STUDY MATERIAL →

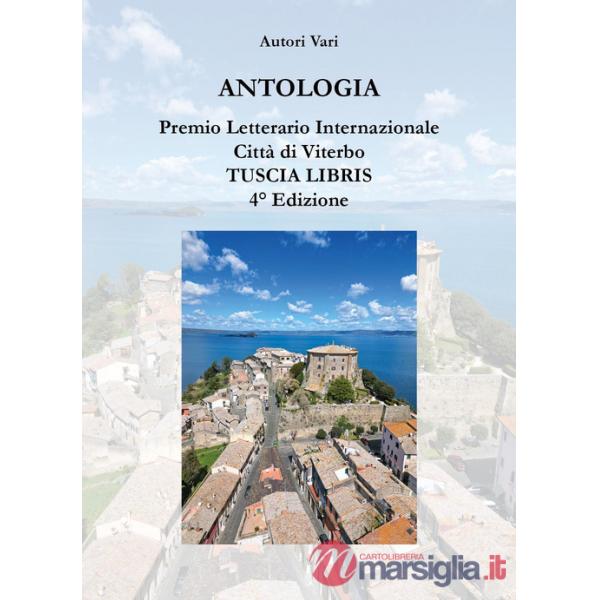 Antologia. Premio letterario internazionale città di Viterbo. Tuscia libris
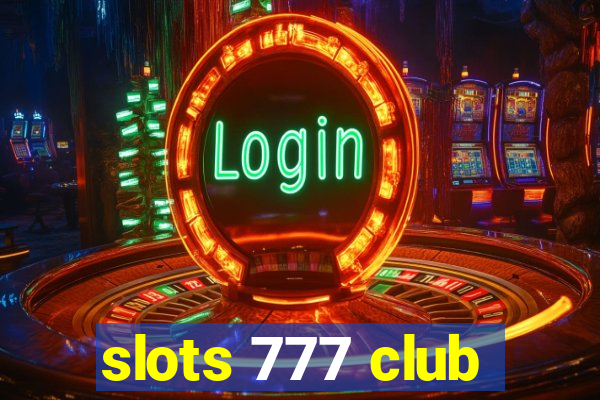 slots 777 club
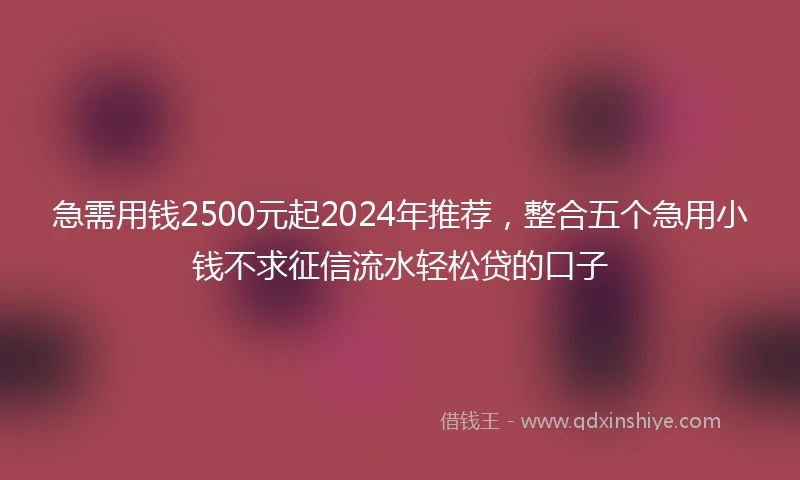 急需用钱2500元起2024年推荐，整合五个急用小钱不求征信流水轻松贷的口子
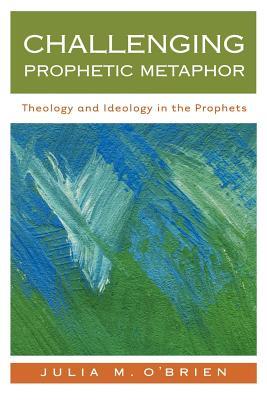 Challenging Prophetic Metaphor: Theology and Ideology in the Prophets (Paperback)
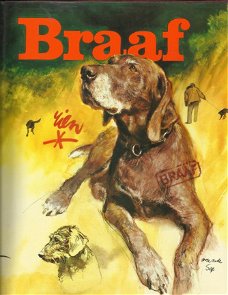 Rien Poortvliet  -  Braaf  (Hardcover/Gebonden)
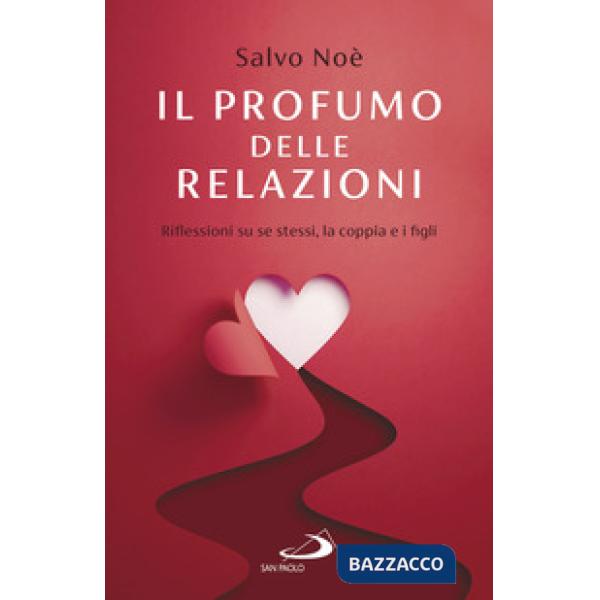 Profumo delle relazioni. Riflessioni su se stessi, la coppia e i figli (Il)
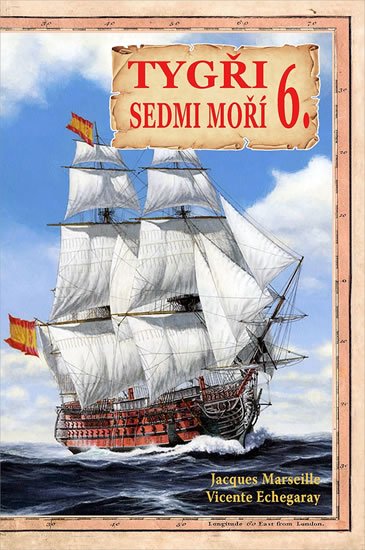 Echegaray Vicente: Tygři sedmi moří 6. - Iberští korzáři 18.-19. století Echegaray Vicente: Tygři sedmi moří 6. - Iberští korzáři 18.-19. století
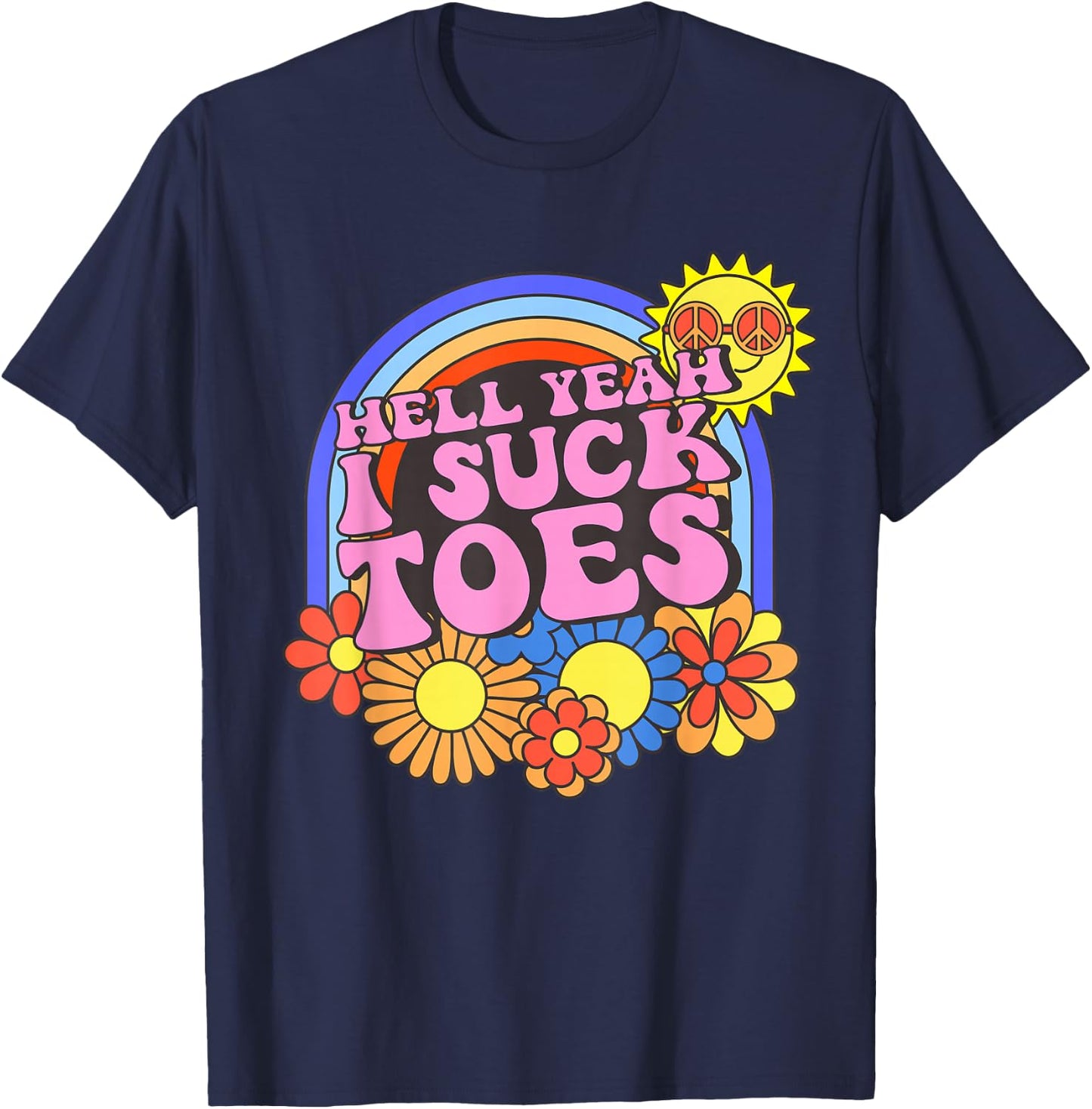 Inappropriate Hell Yeah I Suck Toes Embarrassing Adult Humor T-Shirt - T-Shirt | Navy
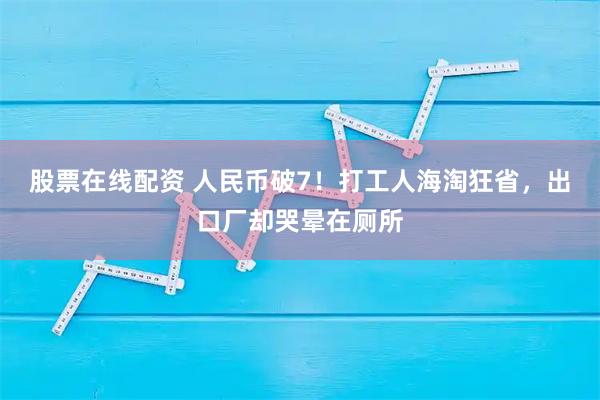 股票在线配资 人民币破7！打工人海淘狂省，出口厂却哭晕在厕所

DIRECTIONS FOR THIS TASK → Take the line with "Profumo delle relazioni." and every line after it through the end of the data, and write only them out exactly, leaving out the pictures.

EXERCISE RESPONSE →
 Profumo delle relazioni. Riflessioni su se stessi, la coppia e i figli (Il)
 Echegaray Vicente: Tygři sedmi moří 6. - Iberští korzáři 18.-19. století Echegaray Vicente: Tygři sedmi moří 6. - Iberští korzáři 18.-19. století
 Inappropriate Hell Yeah I Suck Toes Embarrassing Adult Humor T-Shirt - T-Shirt | Navy
 股票在线配资 人民币破7！打工人海淘狂省，出口厂却哭晕在厕所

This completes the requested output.